動力人格在人性,人性就在人自身,那么,人自身的什么是真正的人性呢?對此,王夫之的論述更為深入,他認識到人性就是人的生理,“夫性者,生理也”,并且這種生理是隨時生成和變化的,“日生而日成……未成可成,已成可革”[3]87。人的生理需要是天然的,不可消滅;強行抑制并不能真正改變,只能造成虛偽,虛偽是偽動力。唐甄從另一個維度,針對二程的“性”與“才”、朱熹的“天命之性”與“氣質之性”,強調性只是一件事,就像火與光一樣,“人有性,性有才,如火有明,明有光”[3]111。
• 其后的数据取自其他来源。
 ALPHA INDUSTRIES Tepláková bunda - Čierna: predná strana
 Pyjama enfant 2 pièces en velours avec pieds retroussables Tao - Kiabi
這不僅將人性看成人的生理,還將善惡統(tǒng)一到了人性中,變成了人性的兩個屬性。早期啟蒙思想家們把人性拉回到人自身,看成是生理,將善惡看成生理的屬性,這為探尋動力人格找到了正確的位置,即動力人格不在天上,而在人的生理中。
(二)動力人格在于私欲
既然人的動力在人的生理中,那么生理中何為動力、何為非動力、何為反動力呢?人的動力因素是復雜的,簡單歸納可以說成是欲望,就是弗洛伊德所說的“本我”中的本能欲求。人的欲望極多,而萬萬不能缺失的核心欲望只有兩個,即告子所說的“食色,性也”,也就是當今所說的飲食男女之欲。在人的生理中,欲望之外還有知識、情感、觀念,這些都是“非動力”。反動力是群體中的“超我”,也就是宗教中的戒律、倫理學中的道德律、社會規(guī)則中的法律等,它們在防止惡的同時也或多或少地影響了動力。明清之際的思想家們一反傳統(tǒng),他們對男女之類的欲望不再反感和否定,而是贊揚和肯定。顏元說:“禽有雌雄,獸有牝牡,昆蟲蠅蜢亦有陰陽。豈人為萬物之靈,而獨無情乎?故男女者,人之大欲也,亦人之真情至性也?!盵4]肯定人的欲望,相應就有對壓抑欲望的批判。王夫之說,禁欲是“絕天地之大德,蔑圣人之大寶,毀裂典禮,虧替節(jié)文”[3]90,是自滅人道。禁欲不能使欲沒,只能使性偽,而偽是偽動力,誠才是真動力。戴震說:“惟天下至誠,為能盡其性;能盡其性,則能盡人之性;能盡人之性,則能盡物之性”[2]74。黃宗羲對偽的痛恨甚至到了罵人的程度,他在其《孟子師說》中講:“誠則是人,偽則是禽獸?!标P于為什么禁欲會造成萎順人格,王夫之說得對,“薄于欲者”“亦薄于理”,“薄于以身受天下者”亦“薄于以身任天下”[3]91,即人若沒有了欲望也就沒有了窮理的激情,也就沒有了為天下負責的根基,誰都不想負責任,人群也就沒有動力了。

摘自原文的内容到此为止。